The management team and designers from Shea recently collaborated on the development of the wildly popular Barrio Tequila Bar, which has one location on Nicollet Mall and a second location that opened in St. Paul’s Lowertown in June. Suh selected the team in part because he wanted The Lyndale Tap House to echo much of the same spirit as Barrio: casual, comfortable, and slightly irreverent, with a chef-driven menu that takes pub food to a new level. Chef Patrick Weber was brought on as menu consultant and worked with executive chef Phil Dvorak on a menu centered around Baltimore pit beef, which is a rare cut of top round that is rubbed with a special spice blend and slow-cooked over a 6-foot oak-fired pit grill. Other meats from the pit include pork, ham and sausage, and the menu also includes a wide range of starters, sandwiches, salads, burgers and dinners that are unfussy yet upscale and clearly chef-driven, from the garlic sausage bites to the roasted beet salad with maple-glazed pecans to the Newcastle fish and chips with charred jalepeno tartar sauce. The tap house moniker refers to the eighteen available tap beers but a full bar is offered and an interesting list of specialty drinks gives lots of options.

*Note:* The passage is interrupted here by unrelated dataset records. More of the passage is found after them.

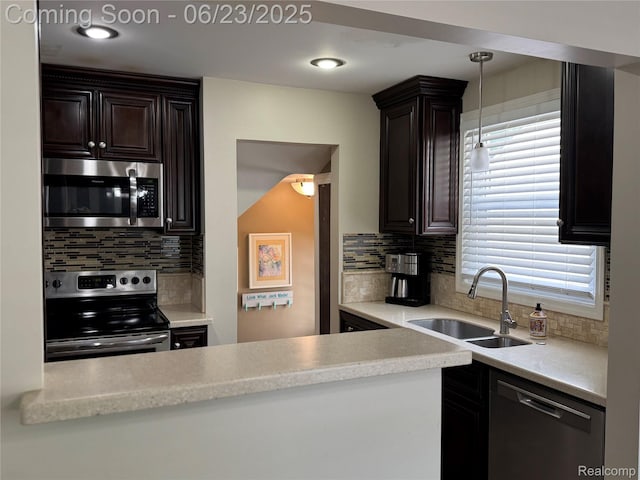 4235 Bacon Ave, Berkley, MI 48072 - kitchen with stainless steel appliances, tasteful backsplash, light countertops, and plenty of natural light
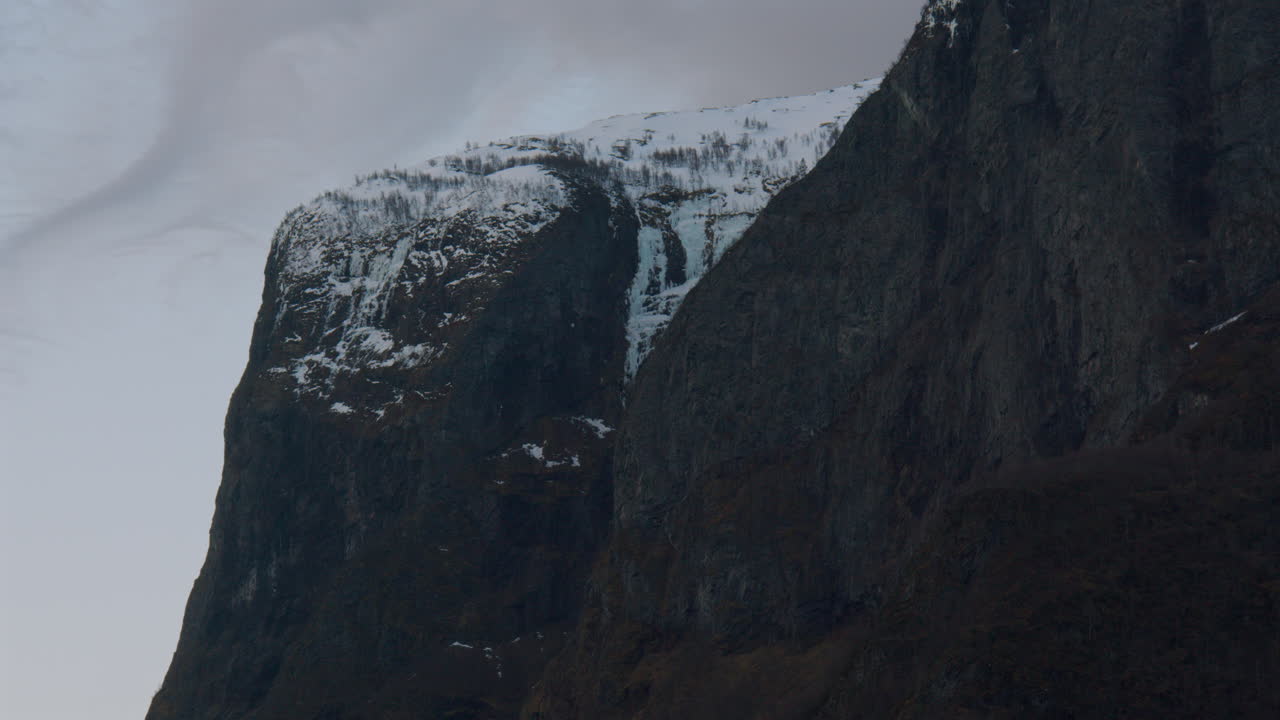 Wide shot slow pan of the snowy Mountain tops and side in the Sogneflord on way to Flam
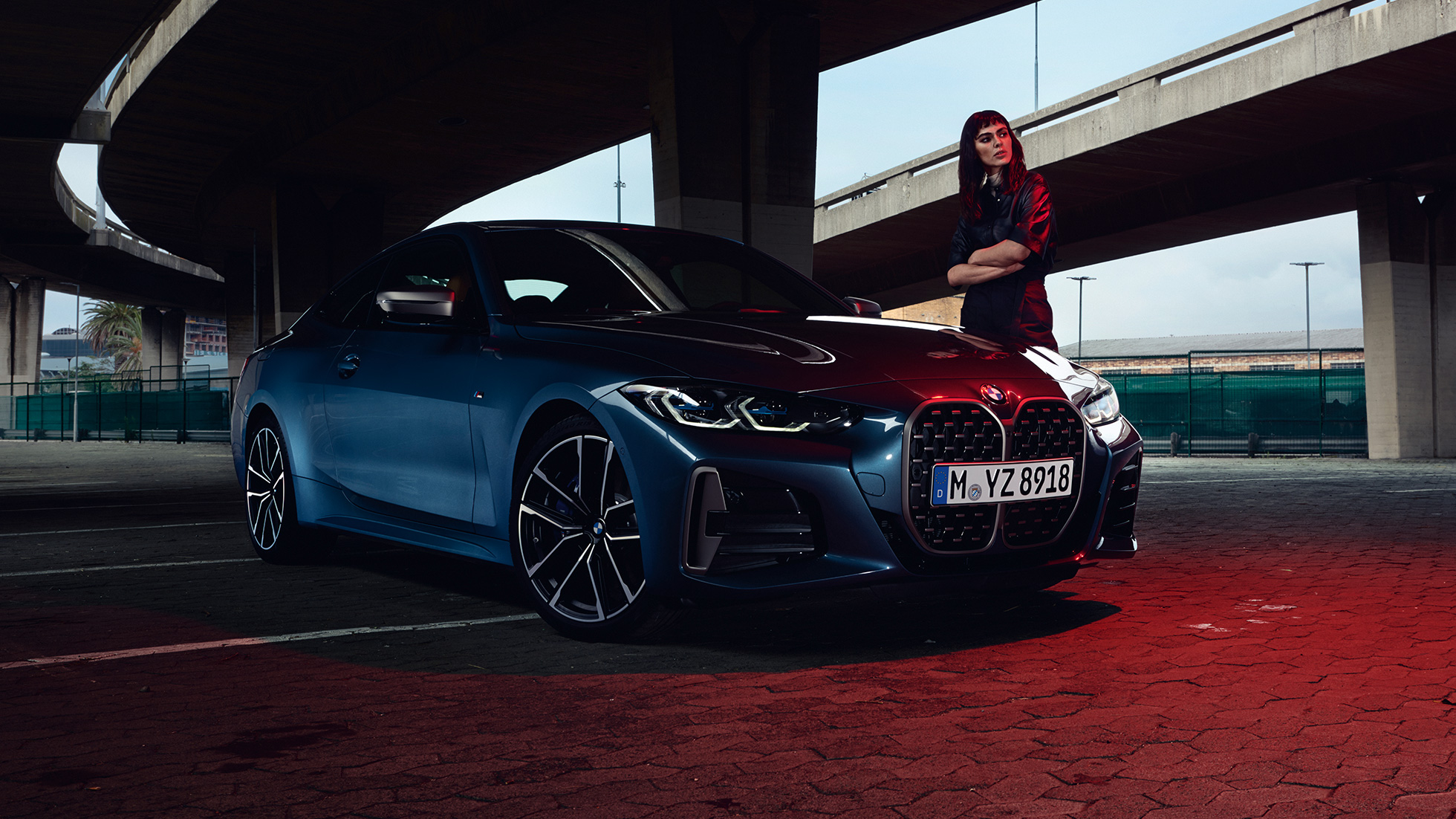 Modell står bredvid BMW M44i xDrive Coupé G22 2020, sedd snett från sidan BMW M440i xDrive Coupé Arctic Race Blue metallic G22 2020 sedd snett från sidan med modell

Dark wood flooring, an enormous rich dark wood bar, dark green booths and antique mirrors evoke a traditional European pub while modern lighting fixtures and custom artwork give it an Uptown edge. After placing a call for original local art on craiglist, Suh commissioned artist Jason Dorweiler for a handful of custom paintings. He selected Dorweiler for his urban, neo-expressionist multi-media art which is featured throughout the space. Another commission involved New Jersey-based pin-up photographer Viva Van Story who provided large framed photos of Swedish pin-up models who were flown in to pose for a shoot that was set at a Clearwater Angus farm. With seating for 125 in the 2800 square foot space, the energy in the room is palpable, and with a dart board, video games, a juke box and photo booth, people are encouraged to stay a while and have fun.

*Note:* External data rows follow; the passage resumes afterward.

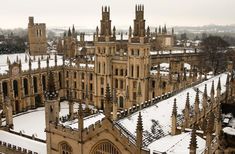 an aerial view of a large building with towers and spires in the middle of snow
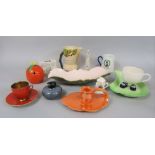 A collection of Carlton wares including a Walking ware cup, an Oak Tree pattern jug, a Jaffa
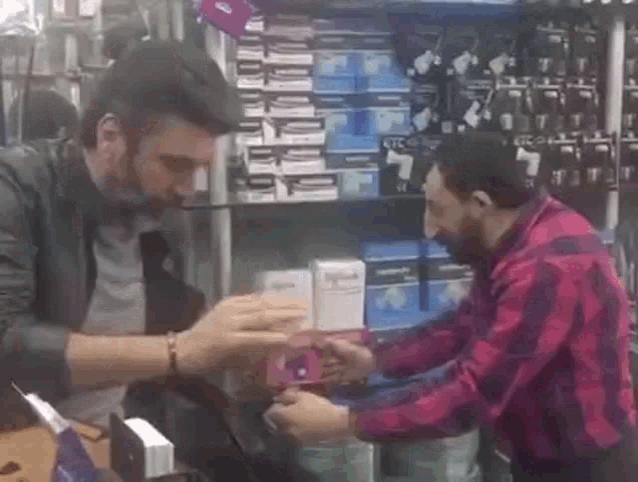 two men are standing next to each other in a store . one of the men is wearing a red and black plaid shirt .
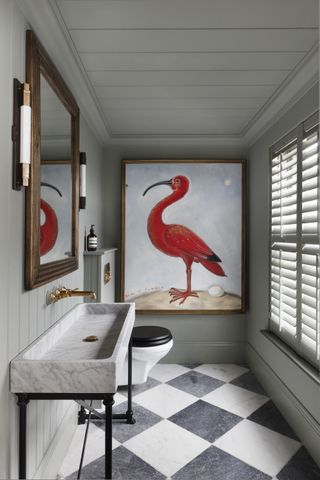 modern bathroom with pigeon colored walls, checkered marble floors, marble vanity and sink and large painting with flamingo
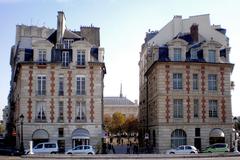 Place Dauphine in Paris with people walking and outdoor seating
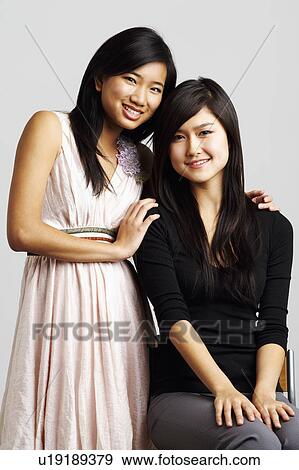 Portrait of two young women smiling View Large Photo Image Stock Photo - Portrait of two young women smiling. Fotosearch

Shea, Inc. is a marketing and design firm integrating expertise in marketing, architecture and interior design. Shea blends diverse perspectives, skills, cultures and knowledge into solid creative strategy for clients. Shea’s client list includes Macy’s, TCF National Bank, Morton’s The Steakhouse, Wells Fargo and Midcontinent Communications. For more information on Shea, please contact Andy McDermott at 612.594.4245 or visit our Web site www.shealink.com.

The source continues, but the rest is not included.